Aber der Reihe nach: Die Koalitionsfraktionen CDU und GAL hatten, wie berichtet, einen Antrag eingereicht, in dem sie den Senat auffordern, "kurzfristig ein Konzept für den Standort des Altonaer Museums" vorzulegen. "Soll das heißen, dass das Museum nicht geschlossen werden soll?", fragte der Linken-Kulturpolitiker Norbert Hackbusch.
"Wir legen uns vor dem Kulturgipfel nicht fest auf Schließung oder nicht", erläuterte die CDU-Kulturpolitikerin Brigitta Martens. "Der Antrag lässt die Situation offen", sagte auch die GALierin Gümbel. Offenbar sollte der Antrag ein deutliches Signal für einen Kompromiss sein.

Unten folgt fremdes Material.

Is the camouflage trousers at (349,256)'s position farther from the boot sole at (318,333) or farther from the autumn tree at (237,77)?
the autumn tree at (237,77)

Dann kam Stuth. "Viele finden das Altonaer Museum wenig attraktiv", sagte der Senator und erinnerte an die niedrigen Besucherzahlen. Seit 2005 sei über neue Konzepte gerade in den historischen Museen selbst diskutiert worden, ohne dass brauchbare Ergebnisse vorlägen. "Ich wünschte mir ein modernes, entstaubtes und attraktives Museum, aber dafür sehe ich keine Realisierungschance", sagte Stuth. Es gebe "gute fachliche Gründe", die für die Verlagerung der Altonaer Sammlung sprächen - etwa in das Museum für Hamburgische Geschichte. Lang anhaltender Beifall der CDU-Fraktion, aber eisiges Schweigen bei den Grünen war die Reaktion auf Stuths Rede. "Herr Stuth hat nicht klar erklärt, dass das Museum geschlossen werden muss", versuchte der Altonaer CDU-Abgeordnete Robert Heinemann die Wogen zu glätten. Er sehe "gute Chancen, am Ende ein Konzept zu haben, das zu etwas Besserem taugt". Stuth ließ sich danach schnell zum Gästehaus des Senats fahren.